Ayer aquella señora del pueblo me cosió un leve desgarro de la chaqueta. Me lo hice jugando al fútbol teniéndola puesta. La señora me dice que mi trabajo es como el de ella. Me admira su opinión y la escucho con verdadera atención mientras ella se inicia enhebrando la aguja y tirando de la sisa que está descompuesta. 

-Les enseña usted a enhebrar la aguja. Les enseña a pensar, que no es pequeña cosa, también a imaginar y hacer, pero sobre todo a saber decidir.  Cada aprendizaje será una hoja de su árbol. Bajo él se cobijarán cuando llueva tanto que no podrán huir de las circunstancias. Le recordarán siempre como aquel que les enseñó a echar una pizca de esperanza sobre las tristezas.

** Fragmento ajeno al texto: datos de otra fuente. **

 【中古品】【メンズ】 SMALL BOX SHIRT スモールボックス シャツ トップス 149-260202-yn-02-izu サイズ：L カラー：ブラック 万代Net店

A eso de las tres de la tarde el pueblo se revuelca en su cama de hierba y el sol le da en la cocorota, que es exactamente la fuente de piedra. Acercan las viejas una silla pequeña a la puerta y un hombre con gorra viene arrastrando los pies y se sienta. Arriba hay un muro de adobes al que han dado unos brochazos de cal y brilla como nuevo cuando el sol aprieta. Es el cementerio que siempre está en barbecho y oliendo a húmeda su negruzca tierra. Un día llamará por su apodo al viejo y lo llevarán a hombros como al torero sabio y lo plantarán en aquella huerta. Y un niño preguntará dónde se van los que no vuelven y su madre le pondrá guapo, le dirá que no llore y lo mandará a mi escuela.

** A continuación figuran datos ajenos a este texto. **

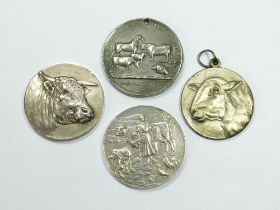 AGRICULTURAL MEDALS.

El viento con sus delicadas manos hace girar levemente la veleta. Las cigüeñas crotoran sobre el nido anchísimo que han construido sobre la torre tan longeva. Parece un sombrero mejicano, dicen los chicos, sobre la iglesia. Y ellas blanquinegras, zancudas, con su frac un poquitín hortera, nos miran siempre desde arriba como miran las jueces desde la tarima, un poco displicentes y estoicas.

Rumor de árboles que se cuentan secretos a eso de las cinco y media. Rumor de árboles, en marzo, y Dios coloca su lágrima en cada hoja.